Empower your child against Bullying
Every parent dreads the day their child comes home from school and says “I was bullied”. It is a truly infuriating and sad feeling that makes parents feel both defensive and helpless at the same time. I will never forget the day my daughter told me she was getting picked on by some classmates and didn’t want to go to school anymore. I felt like I wanted to walk to protect her and keep her with me forever. And as our children get older, they are exposed to different people and can experience many types of bullying such as verbal or physical or even exclusion. In today’s modern world, bullying does not end when the school bell rings. It is continued at home using gadgets and social media, which is affecting children in alarming rates and removing any sense of safety they might feel at home.
What concerns parents the most is when a child is being bullied and hides it. Sometimes children do not understand bullying or why it is happening to them and at other times they feel scared to share with their parents and be subject to more bullying and teasing if the issue is discussed openly.
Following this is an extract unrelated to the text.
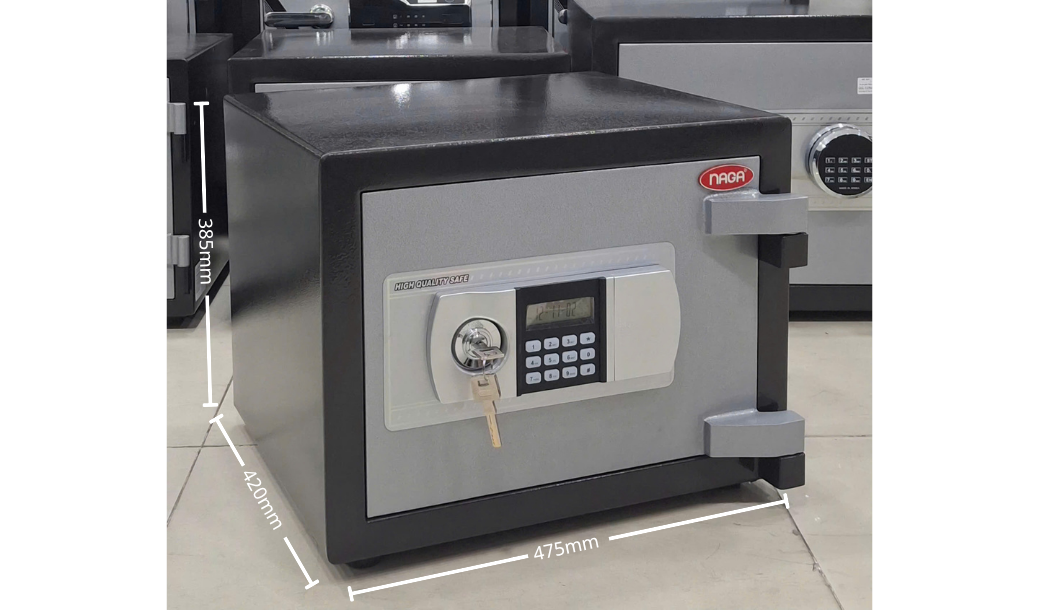 Kích thước két sắt NAGA 380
Parents often find themselves searching for answers when they notice sudden changes in their child’s behavior such as aggressiveness or mood swings or refusal to eat.
As parents, we cannot bully-proof our child, but we can help them deal with it and provide them with the right tools to protect themselves and ask for help. The first step is awareness and understanding of bullying and why other kids resort to that in order to help your child deal with bullies and not participate in bullying themselves. It is imperative that children understand the dangers associated with feeling helpless and picked on as many kids who are bullied end up bullying others as a coping tool.
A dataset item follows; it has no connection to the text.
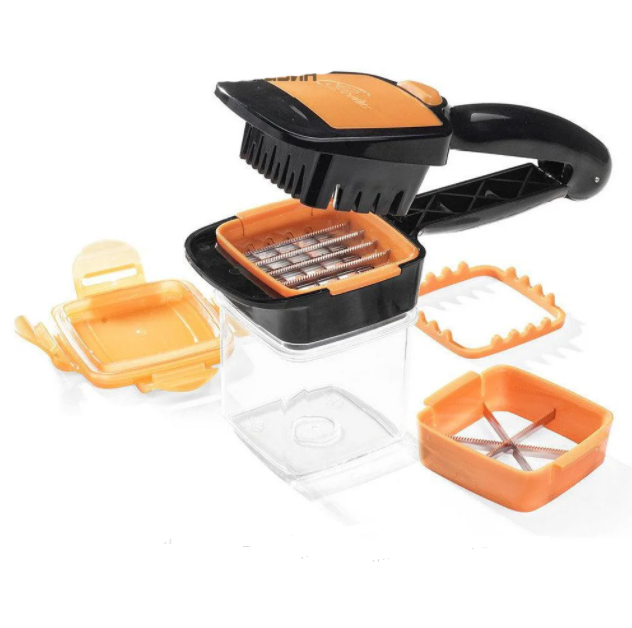 Набор для быстрого нарезания овощей Nicer Dicer Quick 5в1 с контейнером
There are many ways parents can help their kids become more resilient towards bullying and most importantly not become a bully themselves:
- Self-confidence: It is widely understood that the more confident the child is the less susceptible he/she is from bullying. Self-confidence gives the child the ability to handle most situations were bullying arises if not on the spot, but rather will be better suited to handle the psychological aspect afterwards.
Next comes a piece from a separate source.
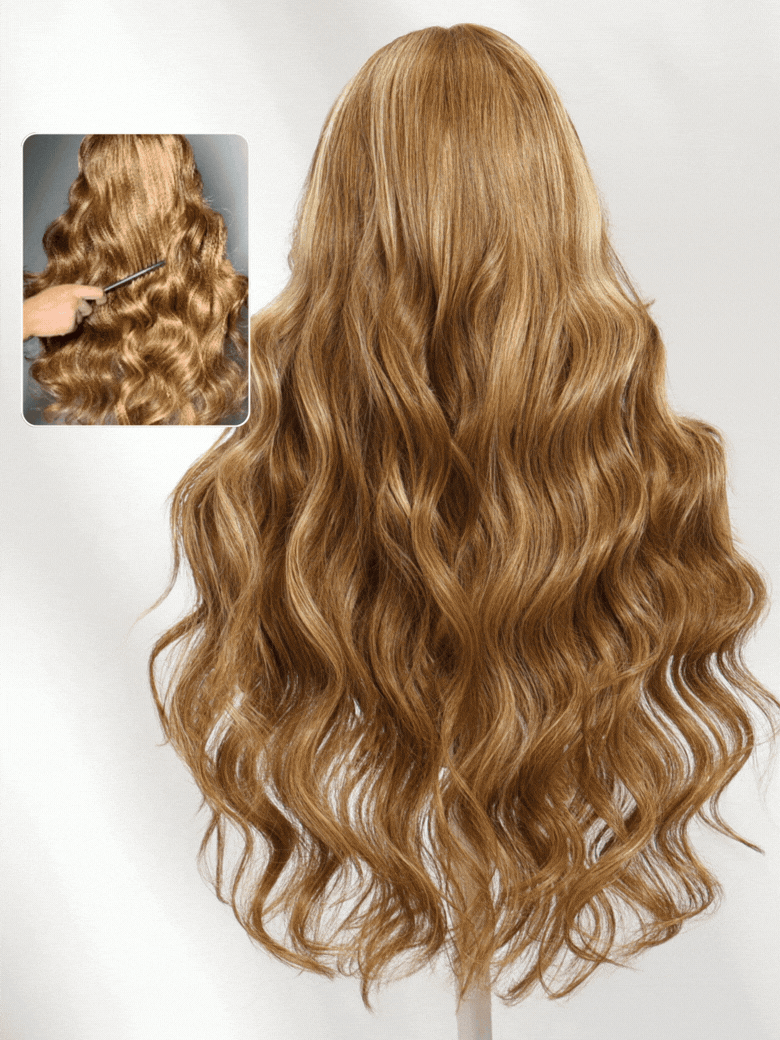 Sunber 7x5 Pre-Cut Body Wave Bye Bye Knots Honey Blonde Glueless Highlights Lace Human Hair Wig Flash Sale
- Communication: It is key that parents communicate and educate their children about bullying and bullying personas. Once a child better understands the reasoning why this act occurs, they can handle the situation in a more confident and calm manner This can also help with preventing the child form becoming a bully.
- Role-play: In certain circumstances children on either side of the spectrum (whether bullies or are being bullied) can learn a lot from role play. This can teach them empathy towards others and the power of kindness. It also develops their skills to maneuver through bully situations.
- Awareness: Teaching children about bullying is key. The more they know, the stronger they are against it. Children should know that they might face these circumstances so that they are aware and therefore ready to face it.
- Support from Peers: Encourage the child to seek help and support from his/her friends and teachers when needed and to intervene to help his/her friends if they witness an act of bullying.
The most important thing a parent can do is be there for their child when they are facing a difficult situation and provide all the support they can. Bullying is an ongoing issue that is yet to be a thing of the past. Fingers crossed!